| What is expected |
Could you give again exactly, and only, the lines from the one holding "照明场所、特点和照度要求_第1页" through the end of the data, both ends included, with pictures left out?

| Collected data |
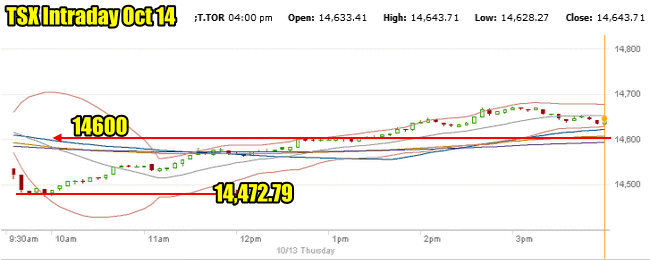 TSX Composite Index: New Intraday Record High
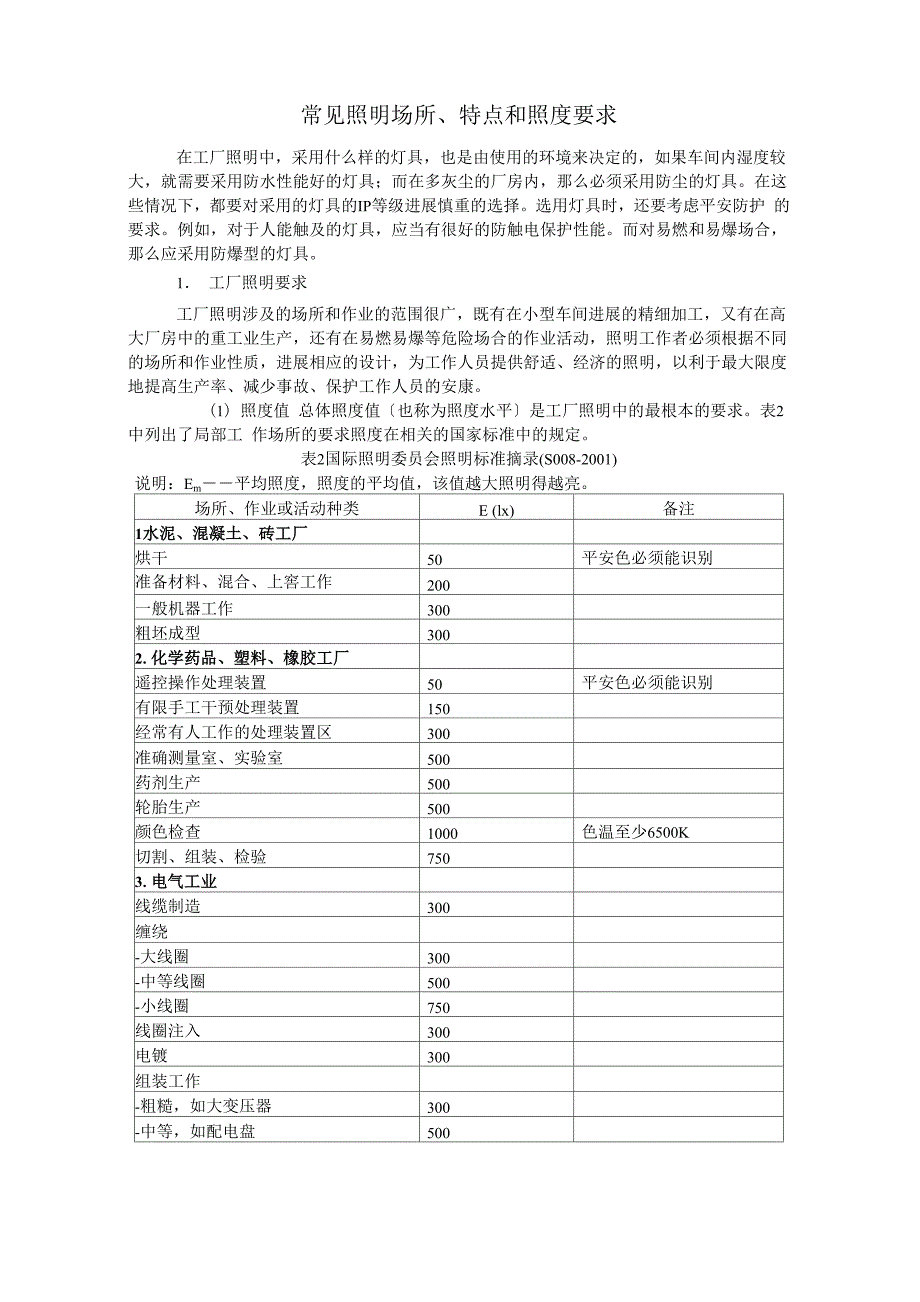 照明场所、特点和照度要求_第1页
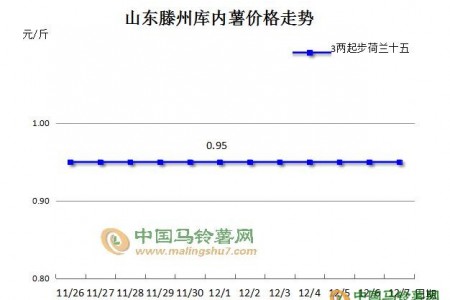 行情冷淡，薯市何時(shí)回暖 ()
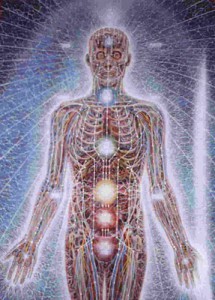 tantric massage explanation of kundalini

| Answer space |
 照明场所、特点和照度要求_第1页
 行情冷淡，薯市何時(shí)回暖 ()
 tantric massage explanation of kundalini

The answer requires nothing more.